Compilation album by Joy Division
- Released: October 2000
- Recorded: January–November 1979
- Genre: Post-punk
- Label: Strange Fruit
- Producer: Bob Sargeant, Tony Wilson

Joy Division chronology
| Preston 28 February 1980 (1999) | Joy Division The Complete BBC Recordings (2000) | Les Bains Douches 18 December 1979 (2001) |

= The Complete BBC Recordings (Joy Division album) =

Joy Division The Complete BBC Recordings is a collection of the two Peel Sessions recorded by Joy Division, two songs from the BBC Television programme Something Else and a live interview.

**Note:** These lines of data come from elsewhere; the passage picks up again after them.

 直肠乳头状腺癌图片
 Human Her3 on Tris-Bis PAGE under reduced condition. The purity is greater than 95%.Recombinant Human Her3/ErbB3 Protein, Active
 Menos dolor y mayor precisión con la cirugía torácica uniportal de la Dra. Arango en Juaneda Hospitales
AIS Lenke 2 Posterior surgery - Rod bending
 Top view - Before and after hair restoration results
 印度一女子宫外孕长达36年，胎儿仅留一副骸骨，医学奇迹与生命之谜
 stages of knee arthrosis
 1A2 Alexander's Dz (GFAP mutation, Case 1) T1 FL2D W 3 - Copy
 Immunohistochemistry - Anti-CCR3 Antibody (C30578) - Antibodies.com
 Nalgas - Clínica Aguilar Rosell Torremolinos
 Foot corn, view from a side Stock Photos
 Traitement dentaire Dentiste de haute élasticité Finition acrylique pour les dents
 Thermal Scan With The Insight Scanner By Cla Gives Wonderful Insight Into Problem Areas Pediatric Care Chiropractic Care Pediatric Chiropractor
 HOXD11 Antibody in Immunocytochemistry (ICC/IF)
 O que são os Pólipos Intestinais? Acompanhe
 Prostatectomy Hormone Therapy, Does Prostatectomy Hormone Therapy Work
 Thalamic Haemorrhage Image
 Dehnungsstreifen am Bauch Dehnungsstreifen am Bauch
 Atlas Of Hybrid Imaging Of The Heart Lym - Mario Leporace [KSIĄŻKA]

It was released in 2000. The album was re-released as "Before and After – The BBC Sessions" in 2004, the Joy Division tracks included were the same, but it also contained a New Order album. The entire track listing of the album was later released as the second disc in the UK edition of The Best of Joy Division in 2008.

Professional ratings
Review scores
| Source | Rating |
| AllMusic |  |
| Select |  |

==Reception==
Select gave the album a five out of five rating. Select praised songs that were not included into Joy Division's studio albums such as "Exercise One" and "Sound of Music", referring to them as "about as profound as pop music can be".

==Track listing==
All tracks written by Joy Division.
- LP (SFRSLP094) and CD (SFRSCD094)
1. "Exercise One" – 2:32
2. "Insight" – 3:53
3. "She's Lost Control" – 4:11
4. "Transmission" – 3:58
5. "Love Will Tear Us Apart" – 3:25
6. "Twenty Four Hours" – 4:10
7. "Colony" – 4:05
8. "Sound of Music" – 4:27
9. "Transmission" – 3:18
10. "She's Lost Control" – 3:44
11. "Ian Curtis & Stephen Morris interviewed by Richard Skinner" – 3:32

==Notes==
- Tracks 1 to 4 recorded 31 January 1979 at the BBC Studios, Maida Vale, London; first released on The Peel Sessions EP in 1986.
- Tracks 5 to 8 recorded 26 November 1979 at the BBC Studios, Maida Vale, London; first released on The Peel Sessions EP in 1987.
- Tracks 9 to 10 recorded live for Something Else 1 September 1979; previously unreleased.
- Track 11 recorded for Radio One in 1979; previously unreleased.